**DATA PROVIDED:**

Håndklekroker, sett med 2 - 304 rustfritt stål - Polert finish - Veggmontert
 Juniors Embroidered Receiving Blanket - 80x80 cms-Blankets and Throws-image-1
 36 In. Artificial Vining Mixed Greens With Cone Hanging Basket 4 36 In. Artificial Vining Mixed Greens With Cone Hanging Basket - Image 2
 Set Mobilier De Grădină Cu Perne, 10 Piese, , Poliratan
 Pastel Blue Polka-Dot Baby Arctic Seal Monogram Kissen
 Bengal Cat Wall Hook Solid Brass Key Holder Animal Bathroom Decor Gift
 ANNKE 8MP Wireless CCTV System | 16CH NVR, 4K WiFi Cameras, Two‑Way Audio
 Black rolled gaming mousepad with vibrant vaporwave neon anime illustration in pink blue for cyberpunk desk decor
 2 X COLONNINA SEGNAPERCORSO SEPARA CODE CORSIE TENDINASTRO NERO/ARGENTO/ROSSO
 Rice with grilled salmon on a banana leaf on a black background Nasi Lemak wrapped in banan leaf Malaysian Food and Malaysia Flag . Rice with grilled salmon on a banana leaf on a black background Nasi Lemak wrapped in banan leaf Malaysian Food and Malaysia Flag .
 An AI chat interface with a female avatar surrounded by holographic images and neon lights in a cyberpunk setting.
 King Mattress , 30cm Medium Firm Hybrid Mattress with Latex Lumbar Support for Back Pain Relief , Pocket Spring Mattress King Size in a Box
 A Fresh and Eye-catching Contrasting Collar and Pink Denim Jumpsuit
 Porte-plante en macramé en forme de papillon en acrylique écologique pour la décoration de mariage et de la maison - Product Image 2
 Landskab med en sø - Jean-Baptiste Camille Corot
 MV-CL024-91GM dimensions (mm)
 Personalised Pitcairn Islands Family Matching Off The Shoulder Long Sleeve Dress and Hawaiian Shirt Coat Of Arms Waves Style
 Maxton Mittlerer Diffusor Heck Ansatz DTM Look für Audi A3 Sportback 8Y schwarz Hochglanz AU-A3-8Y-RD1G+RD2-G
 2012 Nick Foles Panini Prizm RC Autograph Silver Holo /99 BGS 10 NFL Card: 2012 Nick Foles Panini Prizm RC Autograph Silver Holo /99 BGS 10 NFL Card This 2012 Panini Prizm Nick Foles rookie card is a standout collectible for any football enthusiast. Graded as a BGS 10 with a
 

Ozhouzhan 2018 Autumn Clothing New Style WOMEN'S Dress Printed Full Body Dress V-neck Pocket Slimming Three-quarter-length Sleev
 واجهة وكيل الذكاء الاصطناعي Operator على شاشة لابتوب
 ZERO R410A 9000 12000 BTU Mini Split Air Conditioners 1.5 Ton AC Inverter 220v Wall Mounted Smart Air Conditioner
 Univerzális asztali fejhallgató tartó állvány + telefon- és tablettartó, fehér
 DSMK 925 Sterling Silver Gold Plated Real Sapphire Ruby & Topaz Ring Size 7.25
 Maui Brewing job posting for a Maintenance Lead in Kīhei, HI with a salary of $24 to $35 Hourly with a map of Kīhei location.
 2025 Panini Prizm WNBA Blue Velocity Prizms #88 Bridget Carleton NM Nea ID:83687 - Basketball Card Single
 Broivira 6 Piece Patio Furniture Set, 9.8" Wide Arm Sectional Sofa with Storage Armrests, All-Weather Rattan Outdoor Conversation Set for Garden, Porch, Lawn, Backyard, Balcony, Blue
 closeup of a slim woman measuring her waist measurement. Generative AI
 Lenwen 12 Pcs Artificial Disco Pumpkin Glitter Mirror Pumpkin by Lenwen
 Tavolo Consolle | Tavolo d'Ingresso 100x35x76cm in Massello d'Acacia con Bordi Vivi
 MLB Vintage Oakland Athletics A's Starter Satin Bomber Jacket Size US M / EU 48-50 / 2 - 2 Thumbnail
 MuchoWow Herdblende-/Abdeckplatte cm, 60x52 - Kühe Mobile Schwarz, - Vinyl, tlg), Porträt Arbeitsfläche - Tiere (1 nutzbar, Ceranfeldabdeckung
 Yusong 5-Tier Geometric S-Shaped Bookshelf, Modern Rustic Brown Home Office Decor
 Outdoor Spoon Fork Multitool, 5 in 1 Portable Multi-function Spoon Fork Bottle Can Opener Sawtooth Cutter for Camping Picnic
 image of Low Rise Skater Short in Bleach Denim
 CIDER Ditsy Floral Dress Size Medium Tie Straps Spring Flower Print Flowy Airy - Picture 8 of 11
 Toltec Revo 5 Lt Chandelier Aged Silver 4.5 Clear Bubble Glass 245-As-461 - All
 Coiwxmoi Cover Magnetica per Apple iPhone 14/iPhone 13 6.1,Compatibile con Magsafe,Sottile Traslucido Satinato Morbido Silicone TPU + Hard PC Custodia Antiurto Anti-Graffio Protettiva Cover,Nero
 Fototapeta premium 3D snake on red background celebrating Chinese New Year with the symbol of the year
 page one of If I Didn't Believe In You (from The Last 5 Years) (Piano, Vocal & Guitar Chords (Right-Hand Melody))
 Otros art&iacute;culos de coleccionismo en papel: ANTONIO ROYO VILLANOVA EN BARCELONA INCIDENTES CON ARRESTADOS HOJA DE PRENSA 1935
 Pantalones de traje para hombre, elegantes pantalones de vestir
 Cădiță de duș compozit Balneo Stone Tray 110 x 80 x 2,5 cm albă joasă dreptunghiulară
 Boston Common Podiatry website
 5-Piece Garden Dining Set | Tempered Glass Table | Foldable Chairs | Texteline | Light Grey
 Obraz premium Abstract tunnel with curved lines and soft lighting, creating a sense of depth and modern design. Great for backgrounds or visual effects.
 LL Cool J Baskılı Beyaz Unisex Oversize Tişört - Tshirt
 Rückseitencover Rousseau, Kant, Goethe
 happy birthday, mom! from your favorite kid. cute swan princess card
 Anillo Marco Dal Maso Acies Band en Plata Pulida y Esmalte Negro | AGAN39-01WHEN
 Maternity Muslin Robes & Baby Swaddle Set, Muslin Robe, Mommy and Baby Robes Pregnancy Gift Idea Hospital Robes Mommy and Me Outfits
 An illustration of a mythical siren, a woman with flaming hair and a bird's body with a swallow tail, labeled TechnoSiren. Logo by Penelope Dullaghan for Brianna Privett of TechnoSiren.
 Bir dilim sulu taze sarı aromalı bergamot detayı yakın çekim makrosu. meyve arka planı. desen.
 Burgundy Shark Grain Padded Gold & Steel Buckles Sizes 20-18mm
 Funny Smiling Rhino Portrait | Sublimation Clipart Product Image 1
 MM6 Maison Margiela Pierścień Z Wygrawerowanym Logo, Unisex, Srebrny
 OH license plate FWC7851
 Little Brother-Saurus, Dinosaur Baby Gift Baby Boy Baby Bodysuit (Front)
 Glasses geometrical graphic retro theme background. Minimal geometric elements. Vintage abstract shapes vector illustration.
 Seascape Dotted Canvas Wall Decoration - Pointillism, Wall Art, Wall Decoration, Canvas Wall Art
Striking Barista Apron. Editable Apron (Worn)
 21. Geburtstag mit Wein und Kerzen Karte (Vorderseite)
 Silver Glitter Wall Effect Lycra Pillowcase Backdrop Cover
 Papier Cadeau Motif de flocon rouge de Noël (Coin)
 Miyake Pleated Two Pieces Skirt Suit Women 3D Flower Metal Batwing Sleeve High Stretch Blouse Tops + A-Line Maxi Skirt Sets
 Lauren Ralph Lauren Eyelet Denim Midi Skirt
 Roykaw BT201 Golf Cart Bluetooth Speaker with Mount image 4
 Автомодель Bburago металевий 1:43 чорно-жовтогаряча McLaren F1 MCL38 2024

**WHAT NEEDS TO BE DONE:** Each entry above should be retyped exactly, with nothing missed.

**YOUR RESPONSE:**
Håndklekroker, sett med 2 - 304 rustfritt stål - Polert finish - Veggmontert
 Juniors Embroidered Receiving Blanket - 80x80 cms-Blankets and Throws-image-1
 36 In. Artificial Vining Mixed Greens With Cone Hanging Basket 4 36 In. Artificial Vining Mixed Greens With Cone Hanging Basket - Image 2
 Set Mobilier De Grădină Cu Perne, 10 Piese, , Poliratan
 Pastel Blue Polka-Dot Baby Arctic Seal Monogram Kissen
 Bengal Cat Wall Hook Solid Brass Key Holder Animal Bathroom Decor Gift
 ANNKE 8MP Wireless CCTV System | 16CH NVR, 4K WiFi Cameras, Two‑Way Audio
 Black rolled gaming mousepad with vibrant vaporwave neon anime illustration in pink blue for cyberpunk desk decor
 2 X COLONNINA SEGNAPERCORSO SEPARA CODE CORSIE TENDINASTRO NERO/ARGENTO/ROSSO
 Rice with grilled salmon on a banana leaf on a black background Nasi Lemak wrapped in banan leaf Malaysian Food and Malaysia Flag . Rice with grilled salmon on a banana leaf on a black background Nasi Lemak wrapped in banan leaf Malaysian Food and Malaysia Flag .
 An AI chat interface with a female avatar surrounded by holographic images and neon lights in a cyberpunk setting.
 King Mattress , 30cm Medium Firm Hybrid Mattress with Latex Lumbar Support for Back Pain Relief , Pocket Spring Mattress King Size in a Box
 A Fresh and Eye-catching Contrasting Collar and Pink Denim Jumpsuit
 Porte-plante en macramé en forme de papillon en acrylique écologique pour la décoration de mariage et de la maison - Product Image 2
 Landskab med en sø - Jean-Baptiste Camille Corot
 MV-CL024-91GM dimensions (mm)
 Personalised Pitcairn Islands Family Matching Off The Shoulder Long Sleeve Dress and Hawaiian Shirt Coat Of Arms Waves Style
 Maxton Mittlerer Diffusor Heck Ansatz DTM Look für Audi A3 Sportback 8Y schwarz Hochglanz AU-A3-8Y-RD1G+RD2-G
 2012 Nick Foles Panini Prizm RC Autograph Silver Holo /99 BGS 10 NFL Card: 2012 Nick Foles Panini Prizm RC Autograph Silver Holo /99 BGS 10 NFL Card This 2012 Panini Prizm Nick Foles rookie card is a standout collectible for any football enthusiast. Graded as a BGS 10 with a
 

Ozhouzhan 2018 Autumn Clothing New Style WOMEN'S Dress Printed Full Body Dress V-neck Pocket Slimming Three-quarter-length Sleev
 واجهة وكيل الذكاء الاصطناعي Operator على شاشة لابتوب
 ZERO R410A 9000 12000 BTU Mini Split Air Conditioners 1.5 Ton AC Inverter 220v Wall Mounted Smart Air Conditioner
 Univerzális asztali fejhallgató tartó állvány + telefon- és tablettartó, fehér
 DSMK 925 Sterling Silver Gold Plated Real Sapphire Ruby & Topaz Ring Size 7.25
 Maui Brewing job posting for a Maintenance Lead in Kīhei, HI with a salary of $24 to $35 Hourly with a map of Kīhei location.
 2025 Panini Prizm WNBA Blue Velocity Prizms #88 Bridget Carleton NM Nea ID:83687 - Basketball Card Single
 Broivira 6 Piece Patio Furniture Set, 9.8" Wide Arm Sectional Sofa with Storage Armrests, All-Weather Rattan Outdoor Conversation Set for Garden, Porch, Lawn, Backyard, Balcony, Blue
 closeup of a slim woman measuring her waist measurement. Generative AI
 Lenwen 12 Pcs Artificial Disco Pumpkin Glitter Mirror Pumpkin by Lenwen
 Tavolo Consolle | Tavolo d'Ingresso 100x35x76cm in Massello d'Acacia con Bordi Vivi
 MLB Vintage Oakland Athletics A's Starter Satin Bomber Jacket Size US M / EU 48-50 / 2 - 2 Thumbnail
 MuchoWow Herdblende-/Abdeckplatte cm, 60x52 - Kühe Mobile Schwarz, - Vinyl, tlg), Porträt Arbeitsfläche - Tiere (1 nutzbar, Ceranfeldabdeckung
 Yusong 5-Tier Geometric S-Shaped Bookshelf, Modern Rustic Brown Home Office Decor
 Outdoor Spoon Fork Multitool, 5 in 1 Portable Multi-function Spoon Fork Bottle Can Opener Sawtooth Cutter for Camping Picnic
 image of Low Rise Skater Short in Bleach Denim
 CIDER Ditsy Floral Dress Size Medium Tie Straps Spring Flower Print Flowy Airy - Picture 8 of 11
 Toltec Revo 5 Lt Chandelier Aged Silver 4.5 Clear Bubble Glass 245-As-461 - All
 Coiwxmoi Cover Magnetica per Apple iPhone 14/iPhone 13 6.1,Compatibile con Magsafe,Sottile Traslucido Satinato Morbido Silicone TPU + Hard PC Custodia Antiurto Anti-Graffio Protettiva Cover,Nero
 Fototapeta premium 3D snake on red background celebrating Chinese New Year with the symbol of the year
 page one of If I Didn't Believe In You (from The Last 5 Years) (Piano, Vocal & Guitar Chords (Right-Hand Melody))
 Otros art&iacute;culos de coleccionismo en papel: ANTONIO ROYO VILLANOVA EN BARCELONA INCIDENTES CON ARRESTADOS HOJA DE PRENSA 1935
 Pantalones de traje para hombre, elegantes pantalones de vestir
 Cădiță de duș compozit Balneo Stone Tray 110 x 80 x 2,5 cm albă joasă dreptunghiulară
 Boston Common Podiatry website
 5-Piece Garden Dining Set | Tempered Glass Table | Foldable Chairs | Texteline | Light Grey
 Obraz premium Abstract tunnel with curved lines and soft lighting, creating a sense of depth and modern design. Great for backgrounds or visual effects.
 LL Cool J Baskılı Beyaz Unisex Oversize Tişört - Tshirt
 Rückseitencover Rousseau, Kant, Goethe
 happy birthday, mom! from your favorite kid. cute swan princess card
 Anillo Marco Dal Maso Acies Band en Plata Pulida y Esmalte Negro | AGAN39-01WHEN
 Maternity Muslin Robes & Baby Swaddle Set, Muslin Robe, Mommy and Baby Robes Pregnancy Gift Idea Hospital Robes Mommy and Me Outfits
 An illustration of a mythical siren, a woman with flaming hair and a bird's body with a swallow tail, labeled TechnoSiren. Logo by Penelope Dullaghan for Brianna Privett of TechnoSiren.
 Bir dilim sulu taze sarı aromalı bergamot detayı yakın çekim makrosu. meyve arka planı. desen.
 Burgundy Shark Grain Padded Gold & Steel Buckles Sizes 20-18mm
 Funny Smiling Rhino Portrait | Sublimation Clipart Product Image 1
 MM6 Maison Margiela Pierścień Z Wygrawerowanym Logo, Unisex, Srebrny
 OH license plate FWC7851
 Little Brother-Saurus, Dinosaur Baby Gift Baby Boy Baby Bodysuit (Front)
 Glasses geometrical graphic retro theme background. Minimal geometric elements. Vintage abstract shapes vector illustration.
 Seascape Dotted Canvas Wall Decoration - Pointillism, Wall Art, Wall Decoration, Canvas Wall Art
Striking Barista Apron. Editable Apron (Worn)
 21. Geburtstag mit Wein und Kerzen Karte (Vorderseite)
 Silver Glitter Wall Effect Lycra Pillowcase Backdrop Cover
 Papier Cadeau Motif de flocon rouge de Noël (Coin)
 Miyake Pleated Two Pieces Skirt Suit Women 3D Flower Metal Batwing Sleeve High Stretch Blouse Tops + A-Line Maxi Skirt Sets
 Lauren Ralph Lauren Eyelet Denim Midi Skirt
 Roykaw BT201 Golf Cart Bluetooth Speaker with Mount image 4
 Автомодель Bburago металевий 1:43 чорно-жовтогаряча McLaren F1 MCL38 2024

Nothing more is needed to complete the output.